**Work item**
Go through the listing below and repeat it exactly, omitting each picture.

**Exercise data**
• • •
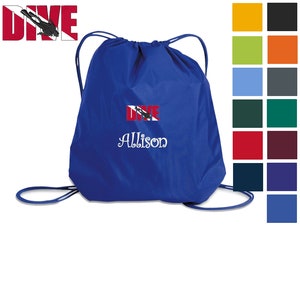 May include: A royal blue drawstring bag with a scuba diving flag and the word "DIVE" embroidered on the front. The bag also has the name "Allison" embroidered on the front.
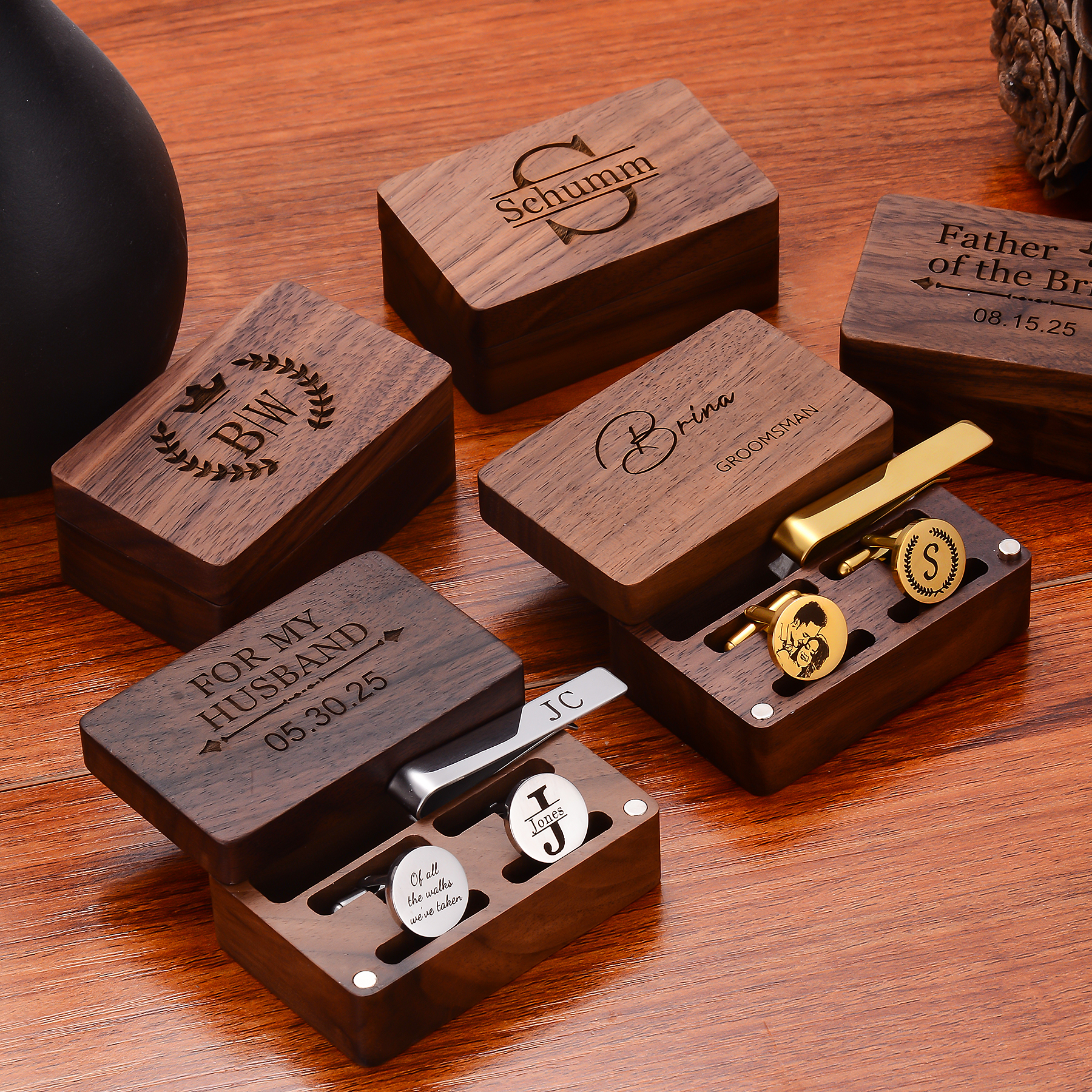 Tie Clip Set - Gemelli in metallo personalizzati Fermacravatta Scatola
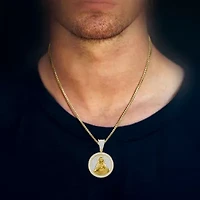 J / I3) Mens 1/ CT. T.W. Natural White Diamond 10K Gold Pendant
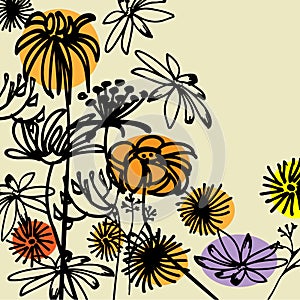 Art floral drawing graphic background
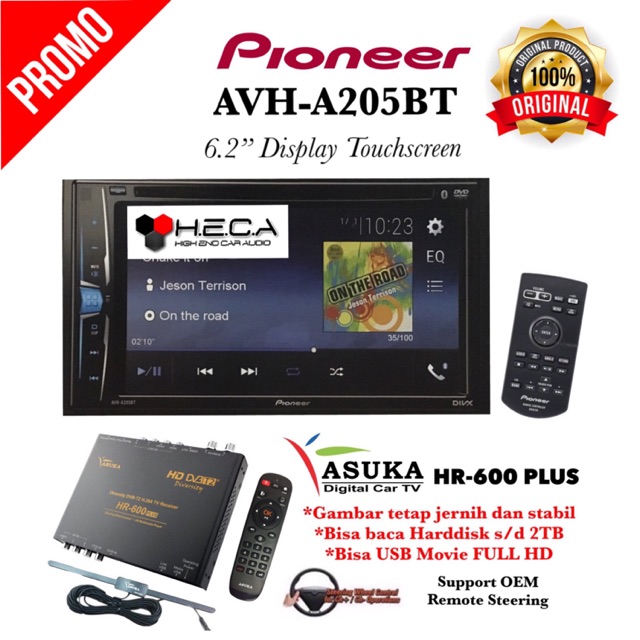 Jual Paket Promo Pioneer Avh A Bt Head Unit Double Din Tape Mobil Tv Tuner Digital Asuka Hr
• • •
**Task output**
 May include: A royal blue drawstring bag with a scuba diving flag and the word "DIVE" embroidered on the front. The bag also has the name "Allison" embroidered on the front.
 Tie Clip Set - Gemelli in metallo personalizzati Fermacravatta Scatola
 J / I3) Mens 1/ CT. T.W. Natural White Diamond 10K Gold Pendant
 Art floral drawing graphic background
 Jual Paket Promo Pioneer Avh A Bt Head Unit Double Din Tape Mobil Tv Tuner Digital Asuka Hr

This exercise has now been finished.